Crisco would run and hide when I first got him and he came from a breeder's house with cats and kittens. I learned I had to have a lot of patience. Good luck with your new addition!


----------



## littlecatblue (Sep 3, 2013)

It may take some time. I would encourage you to continue with the gate for a week or so. There is also the idea of hiding away all the other animals and letting kitten explore the rest of the house without them there, to get their smells, learn about them. Put the other animals in her area. She can smell them when she gets back. 
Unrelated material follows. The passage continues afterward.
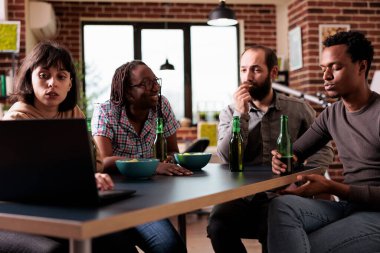 Multiethnic group of friends sitting at home together while watching drama movies on laptop computer. Diverse people sitting at table in living room while enjoying leisure activity.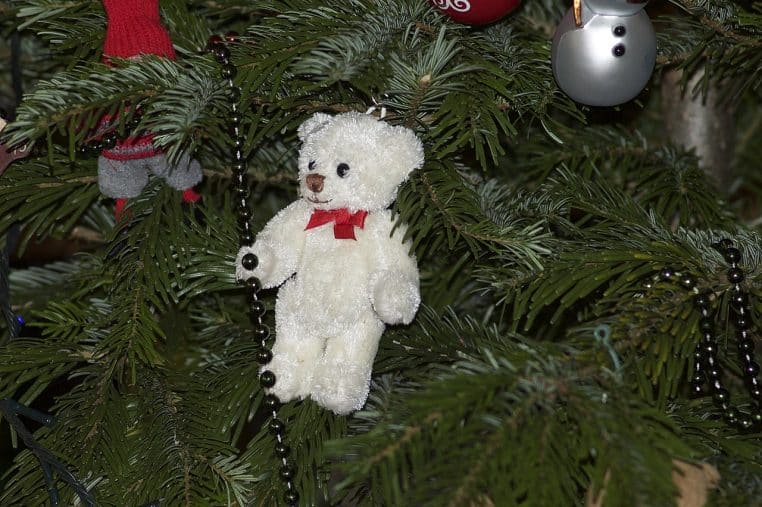 Gros plan sur des décorations rouges et dorées suspendues à un sapin de Noël naturel, avec des lumières floues en arrière-plan.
It takes a long time, sometimes, to assimilate a new animal. My newest kitten is 10 years old, and she hid under the bed for three weeks. When we moved, I asked my sister to watch her as I had to live in temporary housing for a few months. That cat hid for three solid months, maybe longer, with nobody but an 85 year old woman and my single, 40 year old sister around. What was she scared of?


----------



## Marcia (Dec 26, 2010)

Sometimes they do better in a much smaller space at first like a dog kennel. The new home and room has him overwhelmed. If you have a dog kennel big enough to hold a small litter box (anything can be used - a dishpan, a baking pan, etc.) food and water and a nice comfy bed, that will make him feel more secure. Put a blanket over the top and sides. Kitten will not explore the rest of the house or the room until he feels secure in his smaller space. Even a small bathroom is better than a large room right now. Spend one on one time with him, snuggling and feeding and just being there near him.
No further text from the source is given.